KTH / CSC / Kurser / DT2140

DT2140 Multimodal interfaces

Laboratory exercise 3: Multimodal speech interfaces

Task: To build a simple speech-driven interface with a talking head to the object manipulation in Processing (lab exercise 2) and sound manipulation in pd (lab exercise 1).
The objective of the exercise is to give the students a basic hands-on experience with speech synthesis and speech recognition components as well as illustrating the benefit of using alternative modalities and the importance of efficient confirmation and correction management.
Software & equipment: The CSLU toolkit, headphones and one microphone. Please bring your own headset/microphone if you have one.
Note: If you wish, it is possible to download the CSLU toolkit to your own computer and do (much of) the task on your own (to do it entirely, including the communication with other programs, you also need the tcl package udp, Processing and pd on your computer). If you do, you should save your solution as a .rad-file and present it at the scheduled exercise session.

Background:
The human-computer interface that you create should be appropriate for e.g. a cell phone (a small screen, some limited cursor control, inefficient keyboard for letters, but a digit keypad):
- The main interaction (input and output) is via voice.
- You should use an animated agent that speaks with either text-to-speech synthesis or time aligned recorded prompts of your own voice (see Tutorial 13 for the latter).
- The screen presents the animated agent and allowed replies from the user for each question.
- The digit keypad may be used in repair subdialogues (e.g. to type the amount to resize), but should not be the main interaction input.
- The cursor may be used in repair subdialogues to make a user selection graphically.
The agent needs to check that the user has been correctly recognized and correct misrecognitions. It is however inefficient (and hence not allowed in this exercise) to do the check
- at the end and restart from the beginning if the user is not satisfied, or
- explicitly after each user answer, as this will make the dialogue slow and frustrating.

Preparations:
Before the exercise session, you should
- look at Tutorials 1-3, 5-6, 11-12 and 19, in order to get to know the Rapid Application Developer in the toolkit.
- team up with a fellow student to do the lab with.
- (in the lab pairs) draw a flowchart in the program of your choice (or on paper and scan the sketch) of the components and the transitions you need for the dialogue interaction in the exercise (see below).
- The sketch should be submitted in bilda before the lab.
You should be able to present and discuss the flowchart with the lab assistant at the beginning of the lab session.
- decide when and how confirmation requests and repairs should be done in the dialogue.
Instructions:
The exercise consists of two parts, one compulsory, where you build a simple and very constrained dialogue, where the interaction is completely system-driven and one optional, where you create a freer, more user-controlled interaction, if you have the time.
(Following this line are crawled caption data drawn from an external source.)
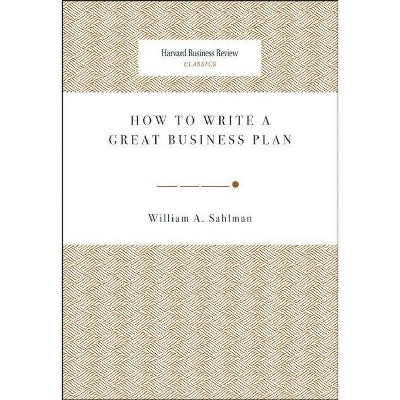 How to Write a Great Business Plan - (Harvard Business Review Classics) by  William A Sahlman (Paperback)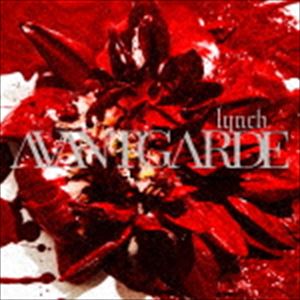 lynch. / AVANTGARDE（通常盤） [CD]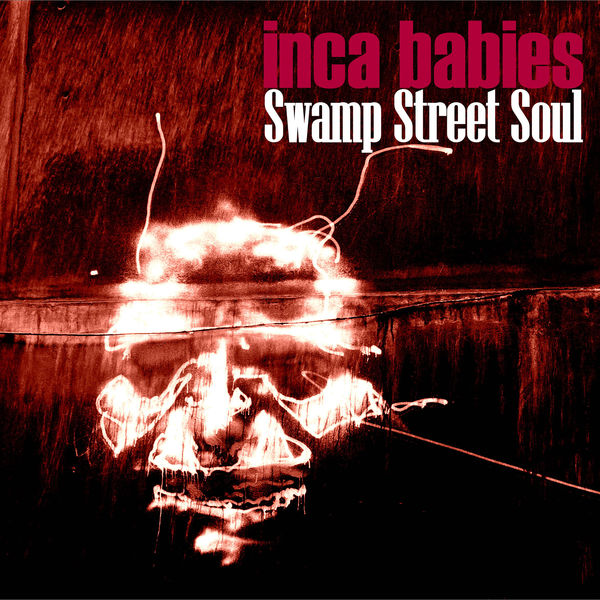 Inca Babies|Swamp Street Soul Inca Babies|Swamp Street Soul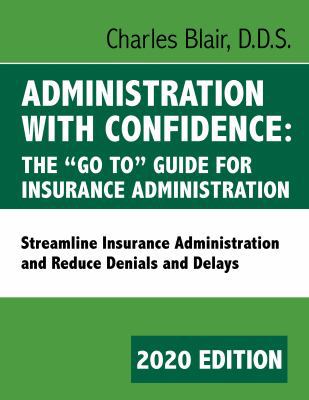 Spiral-bound Administration with Confidence 2020 Edition : The Go to Guide for Insurance Administration Book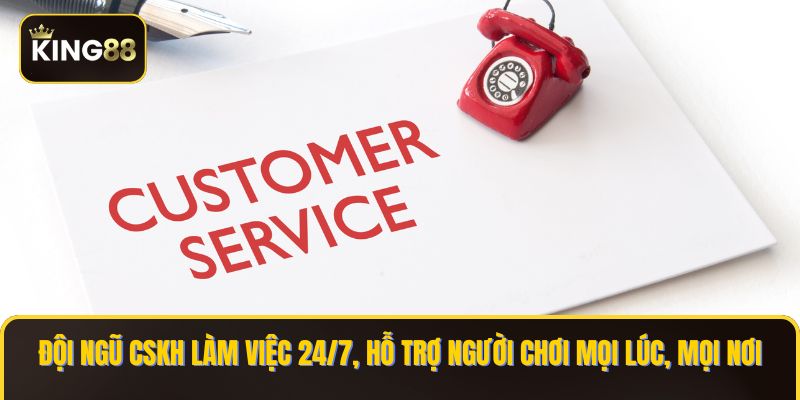 Chính Sách Chăm Sóc Khách Hàng KING88 Nhanh Chóng 2 Đội ngũ CSKH làm việc 24/7, hỗ trợ người chơi mọi lúc, mọi nơi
Download the following scripts and save them in V:/.rad/:
The socket program that enables you to communicate with Processing
The command to run the socket program,
The Processing interpreter that reads the commands that the CSLU toolkit sends and executes them (you need to unzip the file to V:/.rad), and
The sound patch in PD that creates a sound dependent on the 2D position of the cursor.
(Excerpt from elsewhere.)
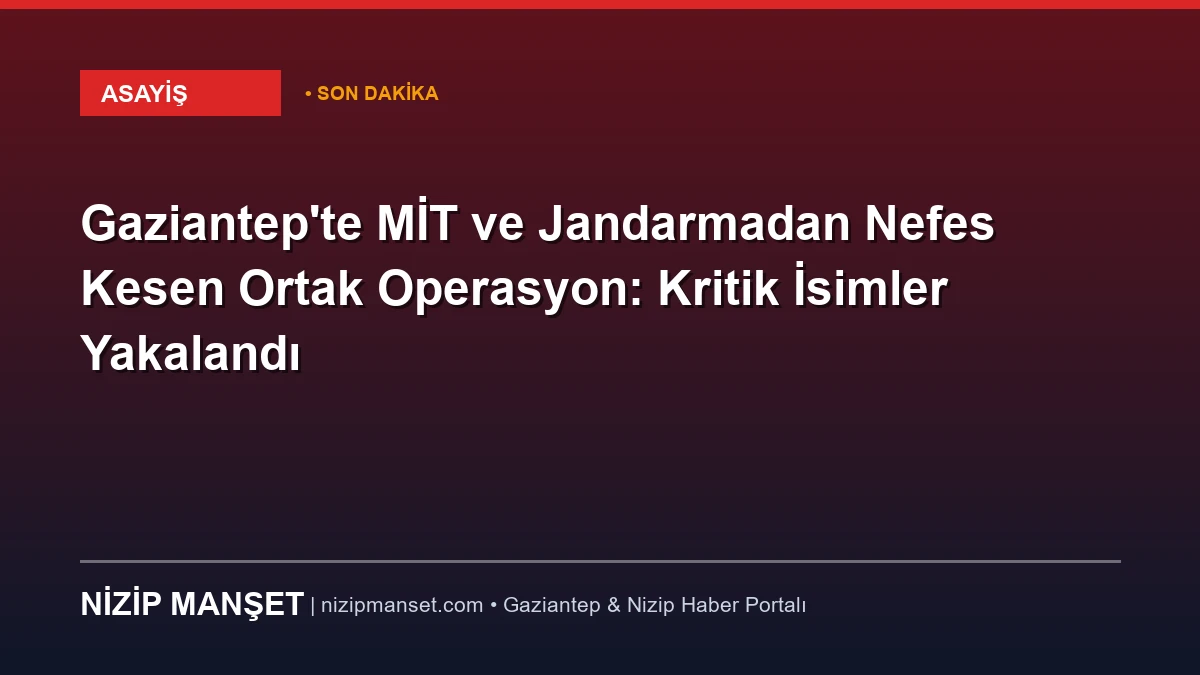 Gaziantep'te MİT ve Jandarmadan Nefes Kesen Ortak Operasyon: Kritik İsimler Yakalandı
Start Processing, load the files in V:/.rad/UDP and play.
Start PD and load the sound patch
Start the RAD (Rapid Application Development) from the CSLU Toolkit folder on the Start menu.
Use the RAD components to create a dialogue where a computer-animated character asks the user for (with possible answers):
SHAPE: The shape of the object: [rectangle], [triangle], [circle], [ellipse].
COLOUR: The colour of the object: [red], [blue], [green], [cyan], [magenta], [yellow], [black], [white].
RESIZE: Resize the object: [smaller], [larger], [no].
SIZE_AMOUNT: The resize amount: [2], [3], [4], [5].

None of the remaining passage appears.